> [Available data]:
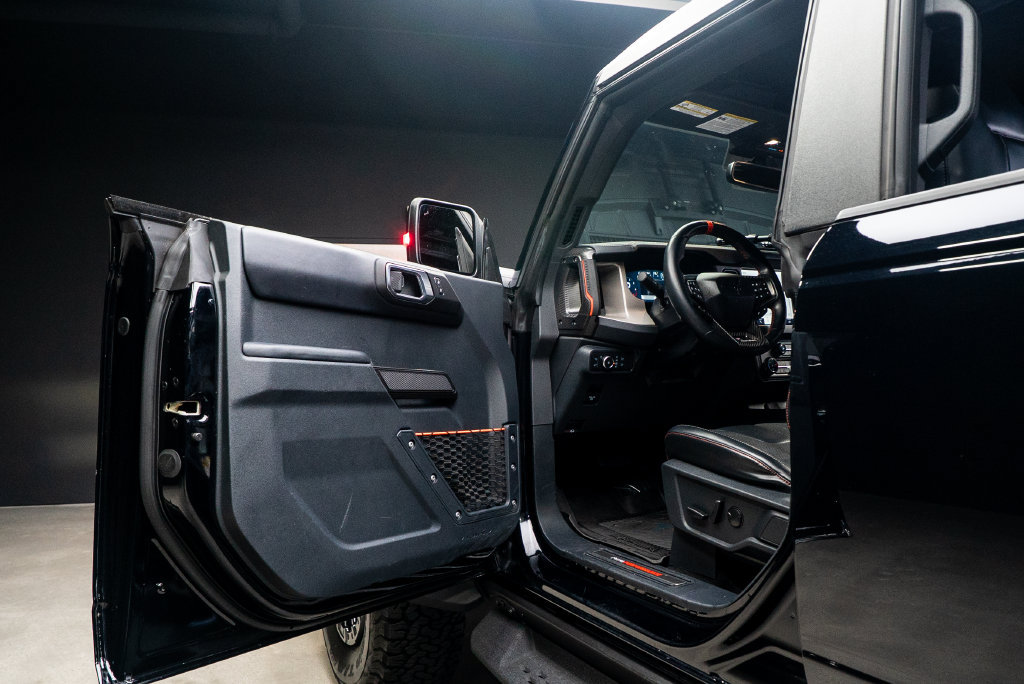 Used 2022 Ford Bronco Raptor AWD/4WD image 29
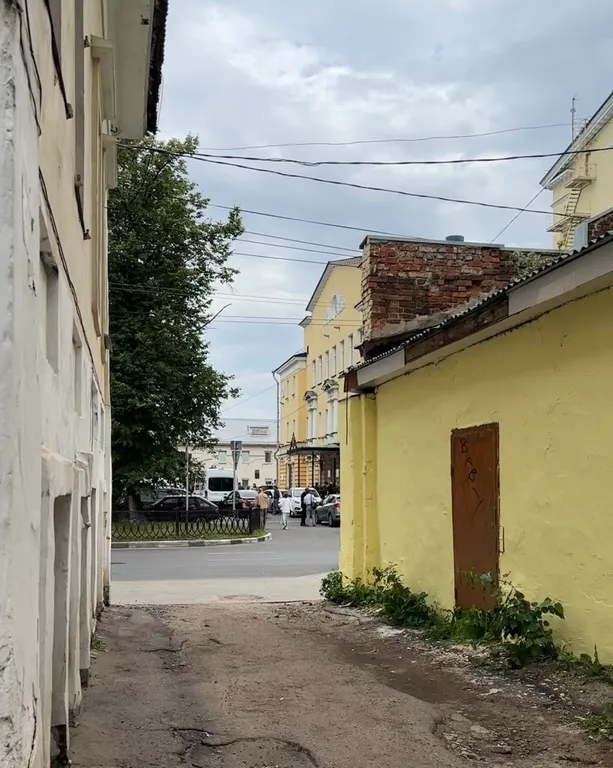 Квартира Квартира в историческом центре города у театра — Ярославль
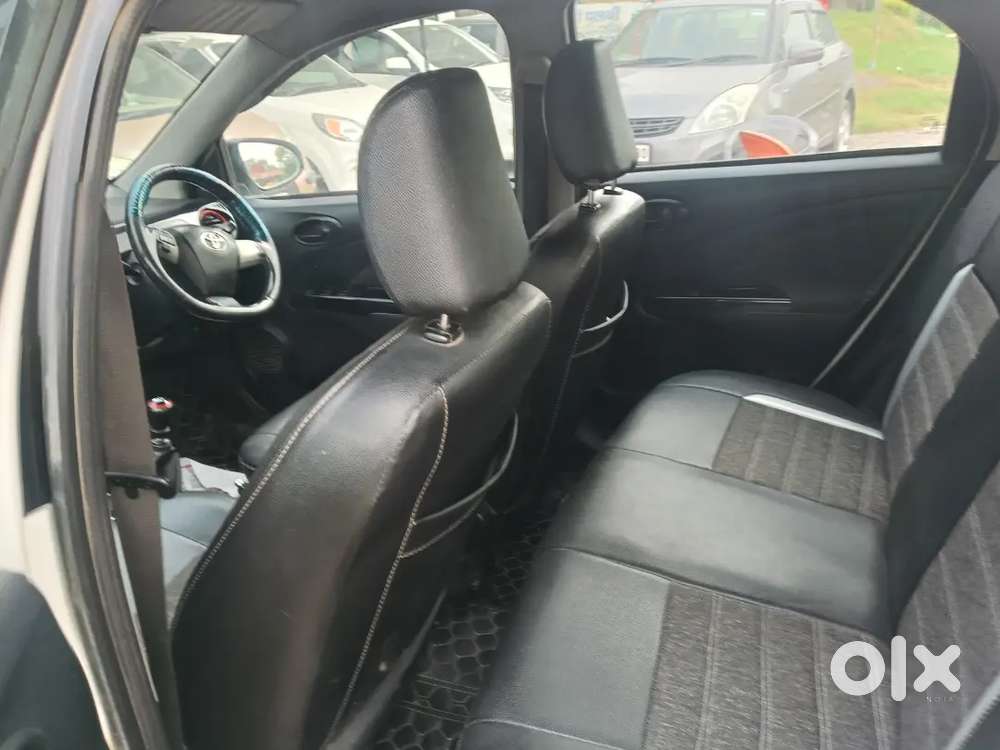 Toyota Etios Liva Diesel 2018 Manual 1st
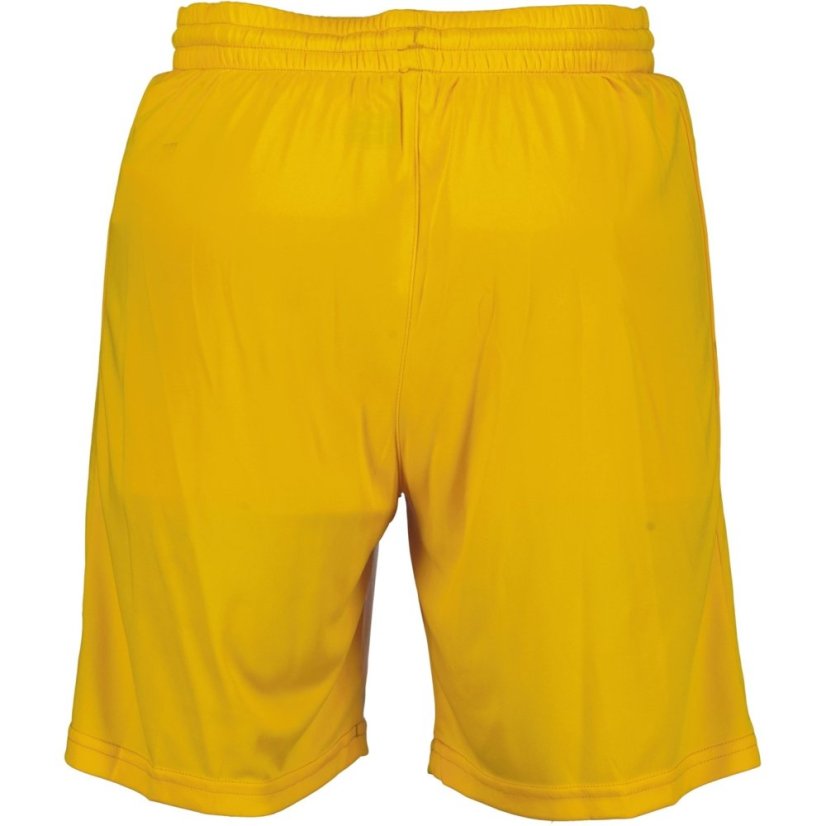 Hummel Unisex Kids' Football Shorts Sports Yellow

> [Exercise brief]: Retype exactly the lines above, starting at the line containing "Квартира Квартира в" and ending with the last line, both included; leave out the pictures.

> [Exercise response]:
 Квартира Квартира в историческом центре города у театра — Ярославль
 Toyota Etios Liva Diesel 2018 Manual 1st
 Hummel Unisex Kids' Football Shorts Sports Yellow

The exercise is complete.